In their efforts to keep the streets safe, law enforcement officers are grappling with a new set of challenges in identifying and prosecuting what is known as DUID, or driving under the influence of drugs. On the street and in the courtroom, there are few or no standards to judge a driver’s level of impairment. Legal codes are often inadequate and outdated to deal with drugged driving.
With the great variety of prescription and illicit drugs in circulation, the most basic decision – judging whether, and to what extent, a driver is intoxicated – is no easy task.
At a mid-August DUI checkpoint in Del Paso Heights, Sgt. Christian Prince of the Sacramento Police Department explained it to me most simply: “There’s no 0.08.”

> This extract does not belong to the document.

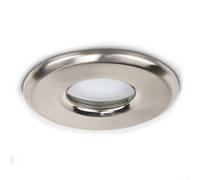Valuelights Downlight Ip65 Ceiling Light Fitting 6 Pack With Cool White Bulb In Silver Silver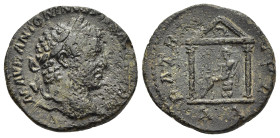 ACHAEA. Patrae. Caracalla (198-217). Ae.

The Sacramento Police Department made 1,436 DUI arrests in 2012, of which 82 were for drug-impaired driving, Prince said in an email. So far this year, the department has made 830 DUI arrests and 77 for drugged driving, he said.
In the case of drunken driving, law enforcement may ask a driver to take a Breathalyzer test for a quick, accurate read on their blood-alcohol content to determine whether they’ve breached the legal limit of 0.08. The officer knows what to look for, and the result is a yes-or-no determination.

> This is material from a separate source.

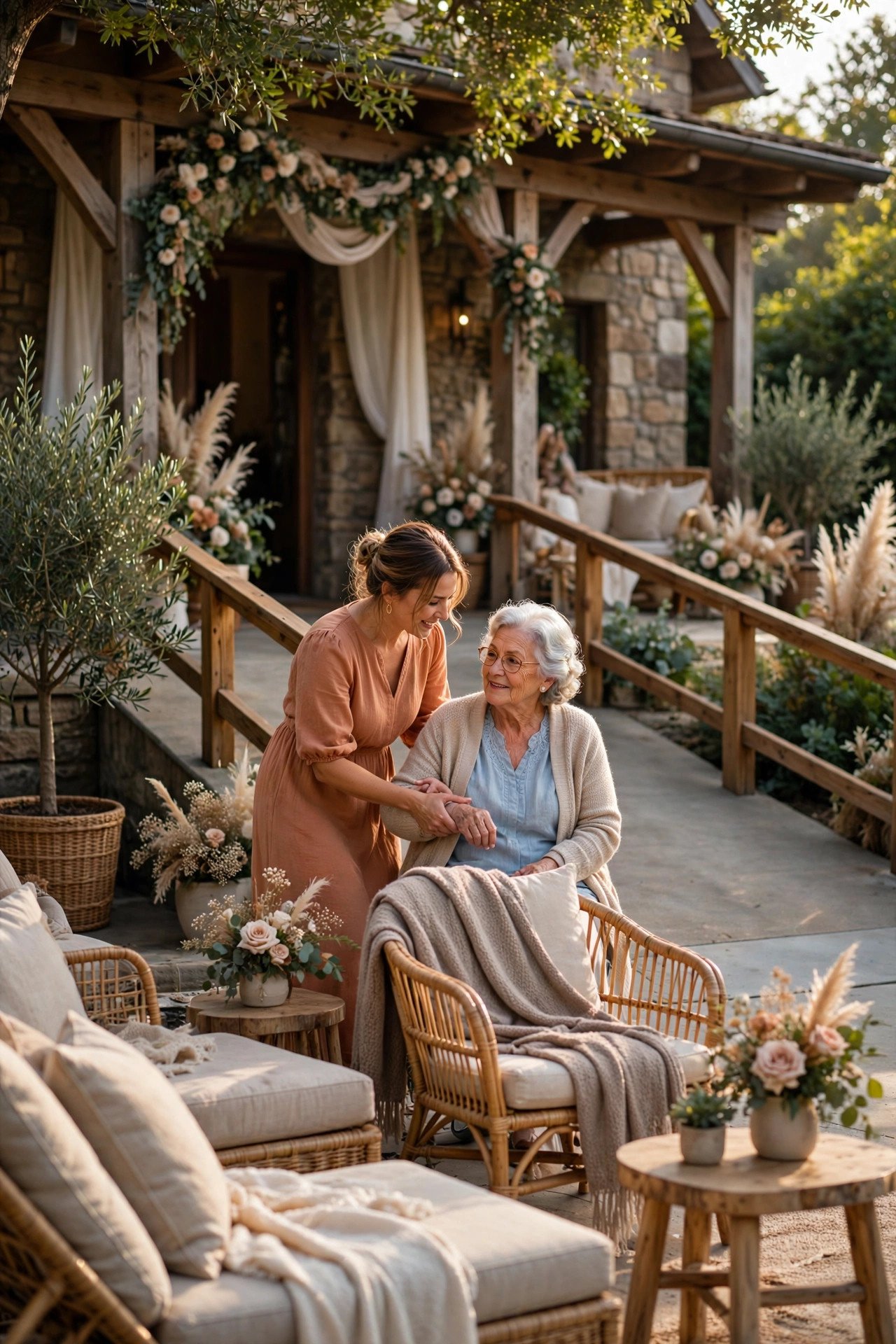 50th golden anniversary party idea: Accessibility Planned Like Hospitality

“With alcohol levels, there’s a fairly direct one-to-one relationship with impairment. The higher the level is, the more impaired you are. It doesn’t hold true with most drugs,” said Michael Walsh, formerly the head of the President’s Drug Advisory Council under the first Bush administration and president of the Walsh Group, a consulting firm with a focus on substance abuse.

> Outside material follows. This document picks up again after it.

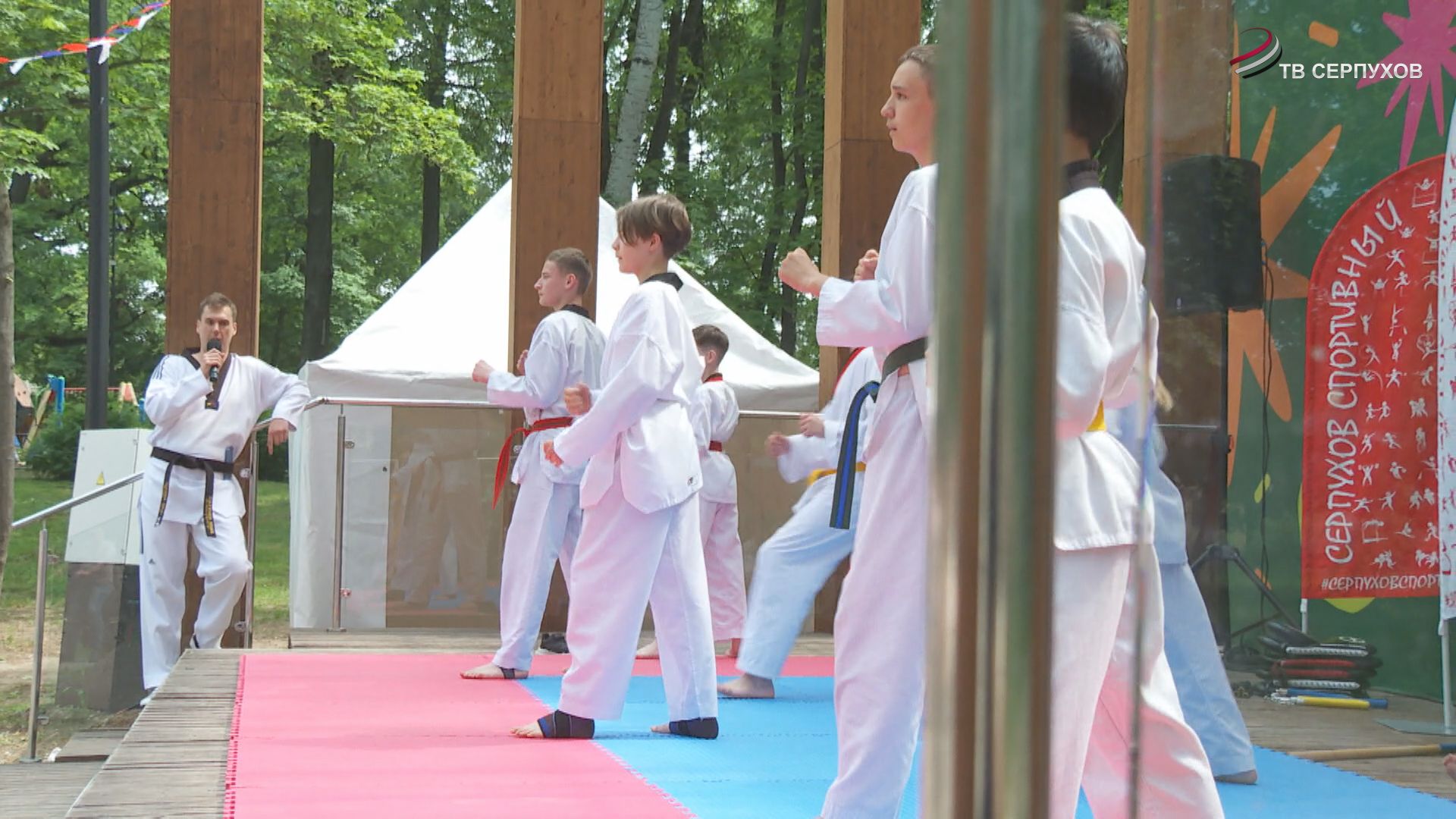 В Серпухове провели фестиваль единоборств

Take marijuana as an example. Short of a cloud of smoke pouring from a vehicle’s windows, it can be almost impossible for officers to verify whether an individual is high on marijuana. Physical signs, such as red, puffy eyes or changes in speech and behavior, vary depending on how much was used and the user’s tolerance.
An individual’s metabolism also affects the available evidence of intoxication. Within the first 15 minutes of smoking pot, traces of the drug in the blood system reach their highest level, Walsh said. After two hours, concentrations of the drug drop, but the user’s impairment might be just as significant, he added.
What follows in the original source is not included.